With such a long history, it’s not too surprising that the Galleries of Justice are rumoured to be haunted…

In fact that might be an understatement, the paranormal group Fright Nights voted it as one of the most haunted buildings in the UK!

On the subject of most haunted…

If you’re a fan of the TV series Most Haunted, then you’ll know that the team investigated the Galleries of Justice in 2003.

It’s said that the building is haunted by criminals who were executed on site.

Doors opening and closing on their own accord, phantom bangs and crashes, stones being thrown, dark shadows, people being touched and pushed by an unknown entity are just some of the paranormal activity which has been recorded at the Galleries of Justice.

And as recent as 2010, a ghostly apparition of a young girl has been seen running in the building!

 

Pleasley Vale Mills, Pleasley

Pleasley Vale is a deep, narrow, wooded valley created by the River Meden.

The natural geography of the area made it an ideal spot for industry in the 1700s.
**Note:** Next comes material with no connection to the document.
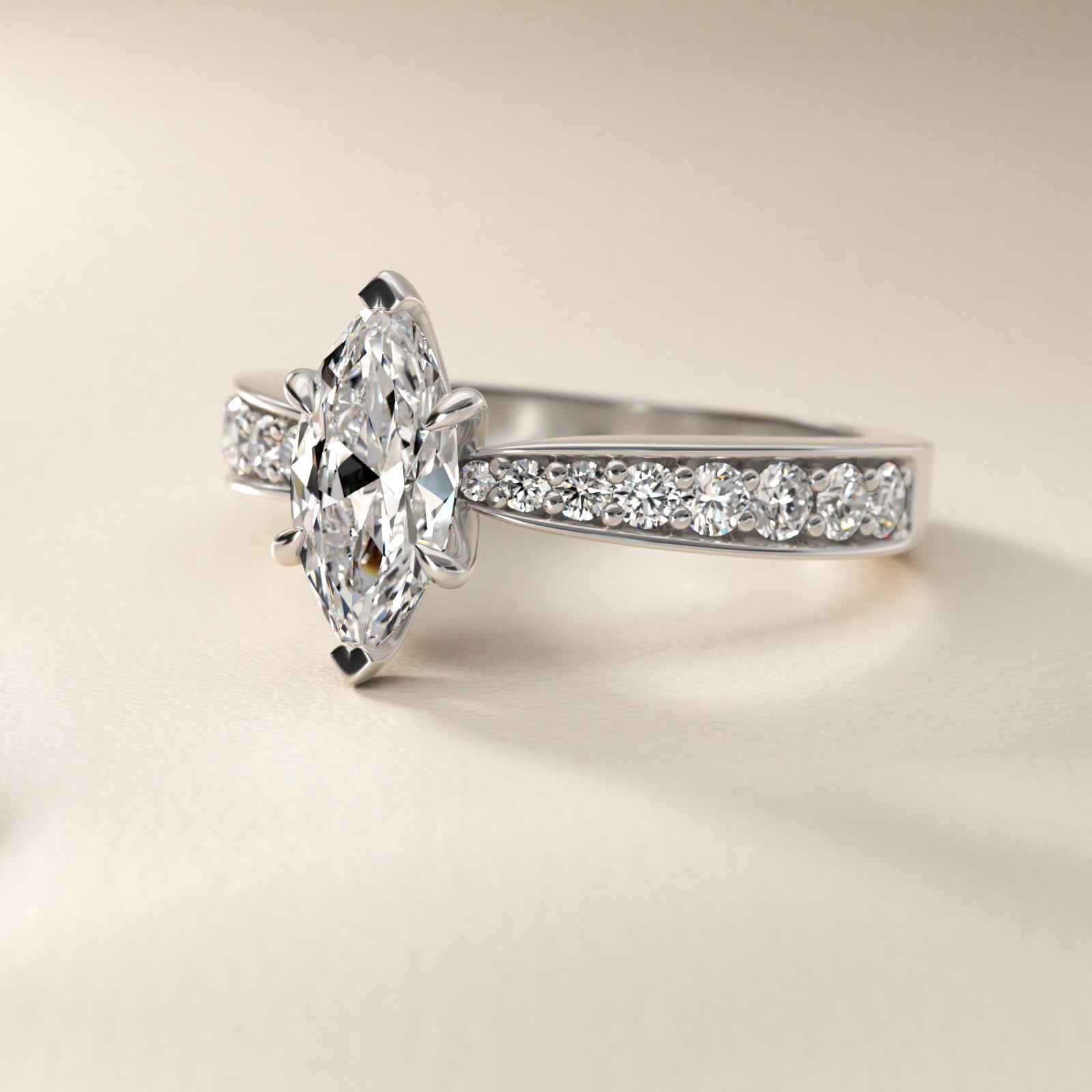 Perfect PavŽ Diamond Engagement Ring In 18k White Gold By James Allen - Marquise Center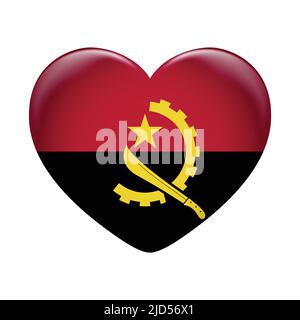 Angola flag icon isolated on white background. Angola flag. Flag icon glossy. Stock Vector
In 1785, a water-powered cotton mill called Upper Mill was built by a consortium of businessmen and drapers.

Seven years later a larger mill called Lower Mill was also built together with houses for the mill workers.

Both mills produced cotton for industries in the East Midlands.

The Hollins family run both cotton mills for many years.

In the 1830s they were joined by the Paget family who brought steam power to the mills.

In their history, both mills were destroyed by fire but they were later rebuilt with better equipment.

As the mills flourished so did the community around them.

More worker houses were built together with a school, a wash house, a cooperative society, a library, a cricket club and a chapel.

The mills flourished right up until 1987 when work was moved abroad and the mills were closed down.

Today the mills have been bought by Bolsover District Council who have converted them for use as offices and by light industry.

Now, the mills have a reputation for being haunted…

So much so, that the TV paranormal show Most Haunted investigated the mills back in 2005 for their Series 5.

Phantom ghostly voices are often heard by spooked witnesses along the old corridors of the mills.

One witness was shocked out of her life when she visited the ladies on the first floor of one of the mills.

A ghostly man’s voice said ‘hello?’ three times…

Apparently there wasn’t anybody else in the toilet, especially not a strange man!

Another female witness has seen ghostly shadows in her office and she doesn’t like to visit the haunted toilet and the corridor outside it either.

The ghostly apparition of a man has been witnessed in the Mill’s car park.

The apparition is supposed to be so lifelike that many night deliver drivers actually try to speak to him only to get upset when he doesn’t reply to them!

The woods near the mills are also said to be haunted.

Phantom giggling voices and dark shadowy figures are often witnessed in them.